All solved states in awesome ASCII art: maze.txt (5 MB) or maze.txt.gz (0.2 MB). The numbers before each cube are the number of loops and the subgroup.

I am fairly confident my program works correctly, but it's possible that some solutions are missing, some subgroups are wrong, or I screwed up in some other way. Has this been done before? The little googling I did turned up next to nothing.


----------



## jiggy (Feb 1, 2010)

> - It's possible to swap two edges without changing anything else.
> - It's *not* possible to swap two corners without changing anything else.



Hi, Johannes. I may be wrong (in fact I'm frequently wrong!) but if the maze cube is like the normal 3x3 I think it _is_ possible to swap two corners without swapping anything else:

[(L' U' L) D' (L' U L) D] [(F' R' F) L (F' R F) L']

Of course, both corners actually stay in the same position and just change orientation, but I think the same is true for swapping two edges, right? I don't think it's possible to cycle only two edges, even if you do flip them, as those are two separate cube laws. Have I made some n00bish mistake here?

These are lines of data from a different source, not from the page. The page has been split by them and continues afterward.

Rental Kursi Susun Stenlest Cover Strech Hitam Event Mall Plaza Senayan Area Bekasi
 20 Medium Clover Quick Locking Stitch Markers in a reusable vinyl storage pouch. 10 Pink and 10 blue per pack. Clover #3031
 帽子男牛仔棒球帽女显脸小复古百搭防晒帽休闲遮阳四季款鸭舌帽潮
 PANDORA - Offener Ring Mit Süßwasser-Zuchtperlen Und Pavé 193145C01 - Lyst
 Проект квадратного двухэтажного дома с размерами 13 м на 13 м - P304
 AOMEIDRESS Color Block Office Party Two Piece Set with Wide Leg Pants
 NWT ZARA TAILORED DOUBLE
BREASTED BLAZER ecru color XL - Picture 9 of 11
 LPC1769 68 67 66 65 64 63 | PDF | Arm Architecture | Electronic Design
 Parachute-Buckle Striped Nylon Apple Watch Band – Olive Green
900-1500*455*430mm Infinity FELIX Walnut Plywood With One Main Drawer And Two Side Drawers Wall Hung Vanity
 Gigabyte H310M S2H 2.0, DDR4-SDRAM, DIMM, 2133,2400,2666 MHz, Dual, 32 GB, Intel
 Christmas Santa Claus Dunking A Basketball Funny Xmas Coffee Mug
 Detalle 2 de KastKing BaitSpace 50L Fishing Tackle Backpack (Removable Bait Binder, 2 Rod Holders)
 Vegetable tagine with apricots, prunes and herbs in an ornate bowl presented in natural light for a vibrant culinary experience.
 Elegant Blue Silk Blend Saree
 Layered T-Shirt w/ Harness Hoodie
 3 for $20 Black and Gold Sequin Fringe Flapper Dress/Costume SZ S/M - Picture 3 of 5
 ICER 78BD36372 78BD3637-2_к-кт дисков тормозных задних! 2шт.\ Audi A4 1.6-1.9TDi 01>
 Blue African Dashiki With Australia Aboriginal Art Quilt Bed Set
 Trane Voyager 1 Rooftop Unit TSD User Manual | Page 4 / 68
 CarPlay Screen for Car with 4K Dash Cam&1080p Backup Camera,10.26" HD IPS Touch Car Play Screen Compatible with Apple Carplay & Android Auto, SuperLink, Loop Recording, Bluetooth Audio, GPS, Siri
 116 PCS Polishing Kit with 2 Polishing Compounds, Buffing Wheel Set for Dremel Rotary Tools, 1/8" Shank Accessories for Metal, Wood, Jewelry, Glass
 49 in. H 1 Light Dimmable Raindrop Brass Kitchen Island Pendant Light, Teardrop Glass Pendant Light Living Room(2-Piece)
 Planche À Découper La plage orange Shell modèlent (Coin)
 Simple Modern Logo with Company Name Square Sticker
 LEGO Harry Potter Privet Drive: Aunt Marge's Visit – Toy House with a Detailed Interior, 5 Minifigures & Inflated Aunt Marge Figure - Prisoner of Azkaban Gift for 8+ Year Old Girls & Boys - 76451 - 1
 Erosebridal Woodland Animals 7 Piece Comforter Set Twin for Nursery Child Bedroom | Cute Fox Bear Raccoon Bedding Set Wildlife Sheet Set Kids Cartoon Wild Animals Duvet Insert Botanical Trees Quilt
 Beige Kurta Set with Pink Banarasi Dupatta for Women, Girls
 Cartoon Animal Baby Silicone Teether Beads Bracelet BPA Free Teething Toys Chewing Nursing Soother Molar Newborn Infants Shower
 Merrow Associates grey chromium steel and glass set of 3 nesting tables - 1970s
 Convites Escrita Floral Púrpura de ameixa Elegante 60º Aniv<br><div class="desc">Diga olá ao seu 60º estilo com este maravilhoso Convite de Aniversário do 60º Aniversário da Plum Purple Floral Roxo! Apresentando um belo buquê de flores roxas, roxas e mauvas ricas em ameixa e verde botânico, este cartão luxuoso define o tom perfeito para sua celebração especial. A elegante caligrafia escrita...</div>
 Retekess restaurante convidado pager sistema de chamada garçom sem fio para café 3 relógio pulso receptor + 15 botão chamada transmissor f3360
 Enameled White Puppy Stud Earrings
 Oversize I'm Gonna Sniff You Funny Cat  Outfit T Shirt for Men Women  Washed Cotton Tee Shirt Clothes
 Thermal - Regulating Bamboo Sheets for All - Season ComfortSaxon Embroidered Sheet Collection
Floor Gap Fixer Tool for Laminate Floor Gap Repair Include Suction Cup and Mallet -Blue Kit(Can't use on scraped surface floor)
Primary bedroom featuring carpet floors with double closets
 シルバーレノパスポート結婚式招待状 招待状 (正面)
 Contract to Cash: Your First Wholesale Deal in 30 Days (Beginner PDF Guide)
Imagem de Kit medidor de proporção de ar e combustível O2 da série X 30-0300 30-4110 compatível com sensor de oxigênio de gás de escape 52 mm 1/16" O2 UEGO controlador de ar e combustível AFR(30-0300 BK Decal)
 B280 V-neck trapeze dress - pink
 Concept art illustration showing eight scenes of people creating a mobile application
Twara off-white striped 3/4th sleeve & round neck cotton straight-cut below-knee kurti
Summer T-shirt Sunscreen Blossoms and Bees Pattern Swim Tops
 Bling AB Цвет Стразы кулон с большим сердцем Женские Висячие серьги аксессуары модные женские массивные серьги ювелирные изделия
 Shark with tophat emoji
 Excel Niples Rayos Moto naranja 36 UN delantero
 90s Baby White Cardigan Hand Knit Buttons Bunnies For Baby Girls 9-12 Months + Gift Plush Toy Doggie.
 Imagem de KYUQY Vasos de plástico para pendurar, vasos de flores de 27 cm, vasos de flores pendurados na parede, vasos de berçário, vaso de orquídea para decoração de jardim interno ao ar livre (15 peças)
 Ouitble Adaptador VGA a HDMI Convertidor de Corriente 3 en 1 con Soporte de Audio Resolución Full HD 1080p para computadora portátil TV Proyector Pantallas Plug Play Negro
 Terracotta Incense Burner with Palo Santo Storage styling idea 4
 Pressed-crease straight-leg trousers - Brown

I don't know if this changes anything for you, but I thought I'd mention it! =)


----------



## rubixfreak (Feb 1, 2010)

SO what if i manage to swap UR with UL without changing the rest - what you claimed is possible
and than apply an T-permutation?
the edges will get swapped back so will be solved and the UFR and UBR corner will get swapped. so we end up with a solves cube with two corners swapped.
->your assumptions must be wrong


----------



## Johannes91 (Feb 1, 2010)

jiggy: Your alg _twistes_ two corners. By swapping I meant a 2-cycle. Not n00bish at all, just a terminology mismatch.

There is a way to swap 2 edges on Maze Cube, even though it's impossible on a normal 3x3x3. I can post an alg and explanation later, but it's a really nice puzzle and I don't want to spoil it yet.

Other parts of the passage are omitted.